Sixteen State Electricity Regulatory Commissions (SERCs) have opposed the Electricity Act Amendment Bill 2026, warning that it could roll back the decentralisation of Nigeria’s power sector and return the industry to years of regulatory confusion.

In a joint submission sent to the Senate Committee on Power and dated May 26, 2026, the regulators argued that the proposed changes would weaken the authority of state governments in electricity regulation.

The letter was signed by chairmen and chief executives of commissions in states including Lagos, Abia, Anambra, Edo, Enugu, Ogun, Oyo, and others.

According to them, the amendment appears designed to recentralise control over electricity matters that the 2023 Electricity Act and the constitution had already assigned to states.

They warned that this would undermine reforms that allowed subnational governments to regulate electricity within their territories.

The regulators argued that the bill contradicts constitutional provisions and misinterprets the division of legislative powers between the National Assembly and State Houses of Assembly.

They maintained that only constitutional amendments, not federal legislation could alter those powers.

They also faulted provisions in the bill that would remove protections preventing federal laws from overriding state electricity legislation.

According to the SERCs, such decisions fall within judicial interpretation rather than legislative authority.

The commissions further warned that the amendment could threaten over $1 billion in ongoing investments in the power sector, saying investors had already committed funds based on the decentralised framework introduced by the 2023 Act.

They expressed concern that provisions limiting state oversight of grid-connected generation and distribution would reduce subnational authority and weaken electricity market reforms.

On market regulation, the SERCs objected to clauses giving the federal regulator expanded control over wholesale electricity transactions, even where power is generated and consumed within a single state.

They argued that such responsibilities should remain within state jurisdiction.
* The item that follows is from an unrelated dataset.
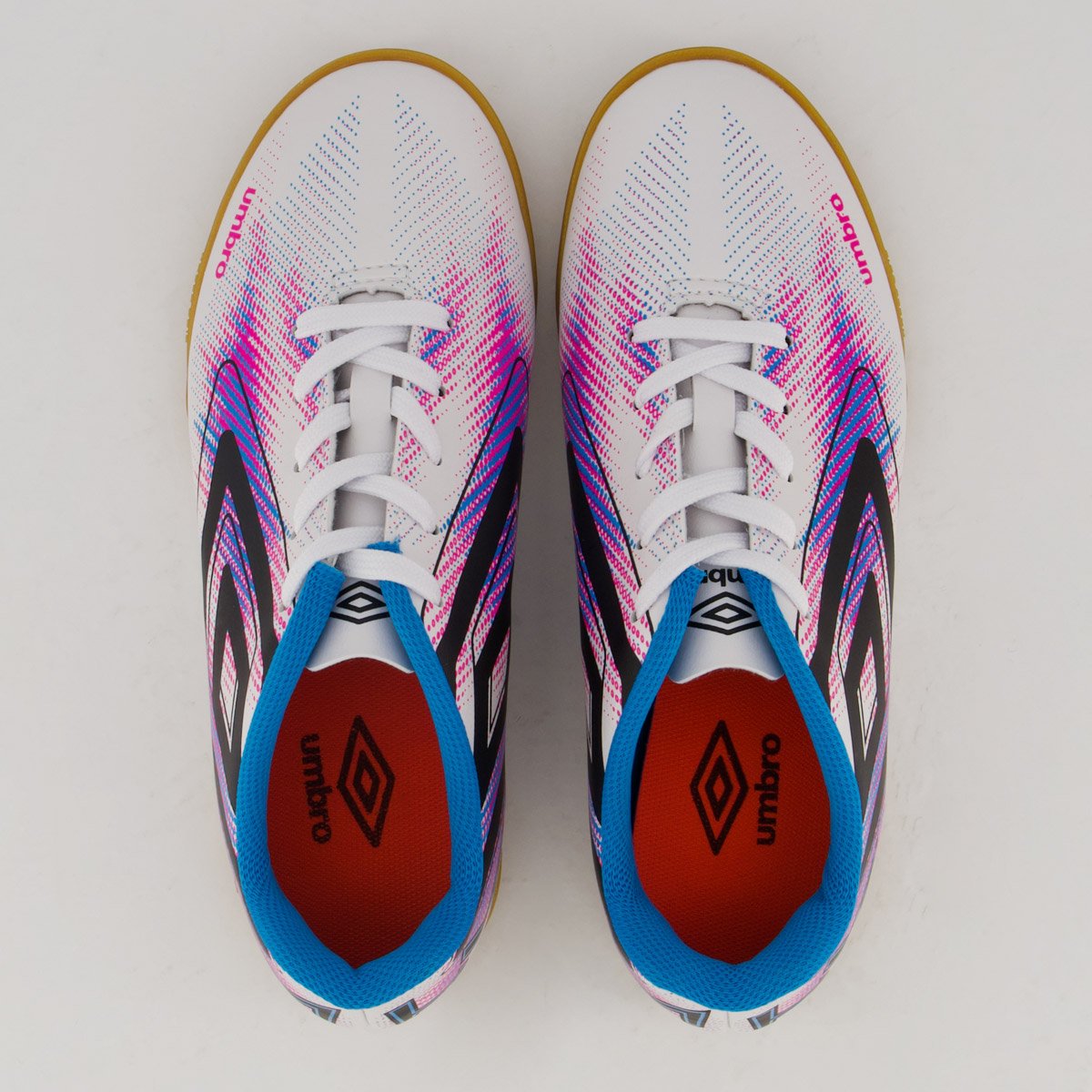 Chuteira Umbro Heatmap Futsal Juvenil Branca e Azul Branco/Azul 4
The regulators also criticised sections removing state powers to license mini-grid operators and independent distribution systems operating entirely within state boundaries, insisting that such activities fall under state electricity laws.

They further opposed provisions expanding federal control over tariff-related funds, saying pricing and consumer supply issues should be handled at the state level in line with the decentralised framework.

On governance structure, the SERCs rejected the creation of a centralised forum that would give the federal regulator final authority in disputes involving state regulators, arguing that it conflicts with constitutional provisions on judicial powers.

While acknowledging the need for coordination between federal and state regulators especially in transmission operations, they insisted that cooperation mechanisms, rather than centralisation, are the proper way forward.

The commissions warned that reversing the current decentralised model could discourage private investment, create legal uncertainty, and undermine recent progress made under state electricity laws enacted by several states, including Lagos, Edo, and Taraba.

They urged lawmakers to retain the existing framework, arguing that Nigeria’s power sector would benefit more from structured collaboration than a return to full federal control.